Reynolds American Inc. promoted a number of new smoke-free products that are striking the domestic market, attempts that should raise the cigarette company’s bottom line while also preserving consumers in the category.
The corporation’s new products, which consist of e-cigarettes and nicotine replacement therapy, are being released because Reynolds American deals with a challenging operating environment caused by dropping demand for regular cigarettes. Cigarette volumes have been decreasing for years, in part because of a weak economy and high unemployment that sets pressure on consumer disposable income.
Reynolds American has confronted greater challenges in current quarters than its main rivals Altria Group Inc. and Lorillard Inc.
Reynolds American, the No. 2 local cigarette maker after Altria, has revealed lower cigarette market share on a year-over-year basis for the previous six consecutive quarters.
Reynolds American increases profitability by cutting costs and boosting prices, but also sees a benefit to operating margin by releasing new products. President and Chief Executive Daniel Delen said cigarettes have the smallest operating margins of all products the firm markets.
Reynolds American is focusing on margins of at least 50 percent for the new products – above the 34 percent Reynolds American revealed overall in the third quarter.
Though 80 percent of tobacco consumers over the age of 21 know about e-cigarettes, Reynolds American said only 5.9 percent of those over the age of 18 have stated to use those products – already higher than stated usage of moist snuff and snus. That indicates there is a higher possibility more customers will try e-cigarettes.
Reynolds American is also dealing with the $1 billion nicotine replacement therapy market, which is led by Johnson & Johnson’s Nicorette brand and private label products. Reynolds American said those products, which are marketed in big amounts of 100 or 200 per pack, are usually offered in drug stores.

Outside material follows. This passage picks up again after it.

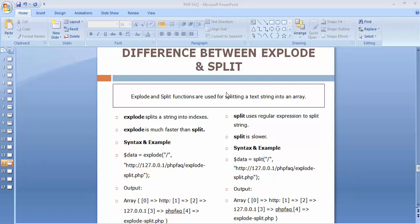After these differences we will see a real-time usage of the explode function — I have used that explode function in my project, so I will show you how I used it. The first difference is: explode splits a string into indexes, whereas split uses a regular expression to split the string. It also splits the complete string into indexes. Explode is much faster than split, whereas split is slower.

Reynolds American entered the market with a limited launch in Iowa. The firm’s product is called Zonnic, a gum with a mint taste that is marketed in 10-count packages, enabling for a more affordable price. Zonnic is mainly marketed at convenience stores and gas stations. The price for a pack is similar to premium-priced cigarettes.
Investors and experts have fretted about the strength of the profits domestic cigarette companies can produce among raised price promotions as tobacco companies fight to win or defend market share. Mr. Delen assured experts the industry’s about $14 billion earnings pool is strong because products like moist snuff and snus can rise to help balance declines for regular cigarettes.